Sorry, little sidetrack there. So where were we — oh yeah. Here’s a funny thing: If one can make a historical case against fractional reserve banking, based on warnings from learned men and the like, one can make an even stronger historical case against the practice of lending at interest! 

Back to those ancient Greeks. Consider these words from one of the most learned Greeks of all, that big daddy of logic, Aristotle: 

“For money was intended to be used in exchange, but not to increase at interest. And this term ‘interest,’ which means the birth of money from money, is applied to the breeding of money because the offspring resembles the parent. That is why of all modes of getting wealth this is the most unnatural.” 
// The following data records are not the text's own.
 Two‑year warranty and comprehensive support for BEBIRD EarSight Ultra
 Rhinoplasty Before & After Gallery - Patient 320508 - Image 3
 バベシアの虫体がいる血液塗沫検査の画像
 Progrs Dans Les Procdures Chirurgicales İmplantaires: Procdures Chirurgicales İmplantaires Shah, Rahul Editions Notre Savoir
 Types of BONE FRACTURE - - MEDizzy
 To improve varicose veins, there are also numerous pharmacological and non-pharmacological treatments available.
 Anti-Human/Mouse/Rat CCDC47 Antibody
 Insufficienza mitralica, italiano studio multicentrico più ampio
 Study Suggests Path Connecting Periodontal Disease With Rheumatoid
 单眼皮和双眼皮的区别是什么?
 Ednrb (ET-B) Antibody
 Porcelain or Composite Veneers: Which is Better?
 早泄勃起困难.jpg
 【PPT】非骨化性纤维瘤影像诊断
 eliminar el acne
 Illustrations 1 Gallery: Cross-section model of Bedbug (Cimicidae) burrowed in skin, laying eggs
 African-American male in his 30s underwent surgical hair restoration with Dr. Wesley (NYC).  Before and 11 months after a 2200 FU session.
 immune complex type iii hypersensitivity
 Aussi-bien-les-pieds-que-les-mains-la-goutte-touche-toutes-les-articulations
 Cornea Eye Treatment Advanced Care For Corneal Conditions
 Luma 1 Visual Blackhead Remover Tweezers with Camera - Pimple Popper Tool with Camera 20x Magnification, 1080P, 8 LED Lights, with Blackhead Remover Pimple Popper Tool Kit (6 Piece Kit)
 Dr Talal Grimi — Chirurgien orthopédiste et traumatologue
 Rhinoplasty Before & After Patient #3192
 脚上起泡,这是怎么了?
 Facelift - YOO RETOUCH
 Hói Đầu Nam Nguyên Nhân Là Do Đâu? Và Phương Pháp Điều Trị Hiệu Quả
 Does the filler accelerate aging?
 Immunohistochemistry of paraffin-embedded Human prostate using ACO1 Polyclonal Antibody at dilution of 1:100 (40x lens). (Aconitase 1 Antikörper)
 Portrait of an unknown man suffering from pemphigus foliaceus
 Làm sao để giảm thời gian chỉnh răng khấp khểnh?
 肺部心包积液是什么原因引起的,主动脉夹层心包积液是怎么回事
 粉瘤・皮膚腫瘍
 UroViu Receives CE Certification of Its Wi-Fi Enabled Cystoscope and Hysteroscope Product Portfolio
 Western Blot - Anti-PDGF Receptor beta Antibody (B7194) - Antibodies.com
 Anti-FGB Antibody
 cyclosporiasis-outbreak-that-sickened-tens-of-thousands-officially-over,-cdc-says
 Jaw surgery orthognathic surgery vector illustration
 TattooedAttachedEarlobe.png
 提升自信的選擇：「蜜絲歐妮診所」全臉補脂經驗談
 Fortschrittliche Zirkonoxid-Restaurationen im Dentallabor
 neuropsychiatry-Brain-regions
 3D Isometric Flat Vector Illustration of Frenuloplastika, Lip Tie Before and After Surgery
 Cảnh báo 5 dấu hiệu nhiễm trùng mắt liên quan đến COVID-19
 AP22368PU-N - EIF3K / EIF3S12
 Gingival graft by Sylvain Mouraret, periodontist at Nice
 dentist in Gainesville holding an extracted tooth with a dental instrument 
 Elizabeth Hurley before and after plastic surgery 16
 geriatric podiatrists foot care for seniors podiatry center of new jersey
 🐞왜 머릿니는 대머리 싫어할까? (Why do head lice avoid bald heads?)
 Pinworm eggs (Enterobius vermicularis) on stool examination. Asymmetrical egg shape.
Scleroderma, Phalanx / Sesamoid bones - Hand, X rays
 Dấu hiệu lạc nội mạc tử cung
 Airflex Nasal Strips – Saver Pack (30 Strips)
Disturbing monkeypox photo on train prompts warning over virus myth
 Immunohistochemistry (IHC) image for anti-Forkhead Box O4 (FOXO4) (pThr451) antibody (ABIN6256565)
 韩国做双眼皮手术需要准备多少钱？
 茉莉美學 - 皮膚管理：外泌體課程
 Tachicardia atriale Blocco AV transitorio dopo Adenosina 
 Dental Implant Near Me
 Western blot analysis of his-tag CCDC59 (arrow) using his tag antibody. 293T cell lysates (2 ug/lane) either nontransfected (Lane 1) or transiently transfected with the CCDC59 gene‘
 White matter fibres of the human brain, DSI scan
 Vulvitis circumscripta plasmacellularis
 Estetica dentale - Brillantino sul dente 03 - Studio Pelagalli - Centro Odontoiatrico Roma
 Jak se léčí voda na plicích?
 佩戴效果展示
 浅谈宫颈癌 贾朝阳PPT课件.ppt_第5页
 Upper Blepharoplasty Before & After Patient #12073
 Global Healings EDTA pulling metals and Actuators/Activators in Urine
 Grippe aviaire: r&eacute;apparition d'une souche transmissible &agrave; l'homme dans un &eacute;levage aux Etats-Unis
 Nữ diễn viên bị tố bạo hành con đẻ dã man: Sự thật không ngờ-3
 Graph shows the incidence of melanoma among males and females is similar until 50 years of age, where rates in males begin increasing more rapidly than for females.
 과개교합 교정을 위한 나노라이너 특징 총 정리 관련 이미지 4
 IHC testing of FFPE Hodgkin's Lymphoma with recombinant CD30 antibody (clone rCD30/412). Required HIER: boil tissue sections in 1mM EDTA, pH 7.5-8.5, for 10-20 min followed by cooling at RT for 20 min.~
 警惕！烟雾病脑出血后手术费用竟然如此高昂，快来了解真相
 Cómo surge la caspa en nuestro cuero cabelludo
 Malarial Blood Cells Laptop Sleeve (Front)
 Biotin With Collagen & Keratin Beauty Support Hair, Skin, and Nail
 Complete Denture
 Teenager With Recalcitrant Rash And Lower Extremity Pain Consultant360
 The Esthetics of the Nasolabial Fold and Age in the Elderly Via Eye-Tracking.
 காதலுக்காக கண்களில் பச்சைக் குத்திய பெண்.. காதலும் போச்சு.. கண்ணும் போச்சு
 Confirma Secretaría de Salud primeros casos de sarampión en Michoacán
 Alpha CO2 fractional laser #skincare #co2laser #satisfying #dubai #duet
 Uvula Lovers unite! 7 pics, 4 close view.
“Usury” is defined as “an excessive or illegally high rate of interest charged on borrowed money.” In the old days, the term applied to all lending at interest, regardless of rate. 

The parallels are instructive. If it is wise to go back to the ways of the ancient Greeks, does that mean we should listen to Aristotle and give up lending at interest too? If fractional reserve banking is condemned as “unnatural,” should the practice of lending at interest not hang at the same gallows? After all, the guy who came up with “A cannot equal non-A” says so! 

Baby and the Bathwater  

Furthermore, not all fractional reserve bankers are dirty rotten scoundrels, yet purists condemn the whole lot. So what about bad apples in the lending business, then? Should we look at the prominent instances of usury still in existence today — subprime credit cards and payday loans spring to mind — and from that condemn all lending at interest outright? If not, why not? Hey, we’re on a roll here. Let’s ban all guns because a few gun owners are irresponsible! Let’s fix those bad drivers but good and outlaw cars!

A little sarcasm there, sorry. The point is that Aristotle saw the bad in lending at interest, but he did not see the good. It was still too early to look around and say, Wow, man, look at all this good innovation. Aristotle probably looked around and saw little more than goatherders in a bad way getting ripped off. Instances of usury, i.e., the lender’s abuse of the creditor, were very real back then and are still very real today. Legal and illegal forms of loan sharking have been profitable for literally thousands of years — from well before Aristotle’s time. 

Yet can anyone really argue that, when it comes to lending at interest, the bad has outweighed the good? Absolutely not. The ability to lend at interest — and the ability of the lender to receive some form of risk-weighted compensation in exchange for the constructive use of his capital — is a pillar of the modern economy. Without the ability to lend and borrow at interest, the lion’s share of productivity and innovation in this dynamic world of ours would grind to a halt. 

I believe the same is true of fractional reserve banking. Certainly, there are instances of egregious abuse; certainly, there are fractional reserve abuses that still go on today. But the dynamic flexibility that fractional reserve banking brings to the table is a good that far outweighs the bad. The ability for private institutions to make responsible use of leverage, in fact, is a key factor in the gold standard’s imminent return! As the critics correctly point out, there is not enough gold in the world for a traditional gold standard to work — such a system would be too rigid and inflexible. But add the option of leverage — responsible leverage, mind you, monitored by accountable investors and private citizens, rather than government — and it becomes possible to replace politicians’ empty promises with the backing of gold. More on that later. 

Not a Cure-All  

Cowboy country singer Chris LeDoux, may he rest in peace, has a tongue-in-cheek love song dedicated to his favorite chewing tobacco, Copenhagen. The last stanza goes like this: 

Well it’s a cure-all too

Cures fits and warts and freckles

Coughs, colds, runny nose

Guaranteed not to rip, run, or snag

Makes conception a wonder and childbirth a pleasure

That’s Coooo-pen-ha-gen

Makes me feel so good! (How ’bout you?) 

Like Copenhagen, many purists view the one-to-one gold standard as a monetary cure-all of sorts. And it makes ’em feel so good. They believe a little 100% tonic will fix what ails ya, banish inflation forevermore, and generally make things hunky-dory. Chewing tobacco can’t do any of that, and neither can a gold standard. 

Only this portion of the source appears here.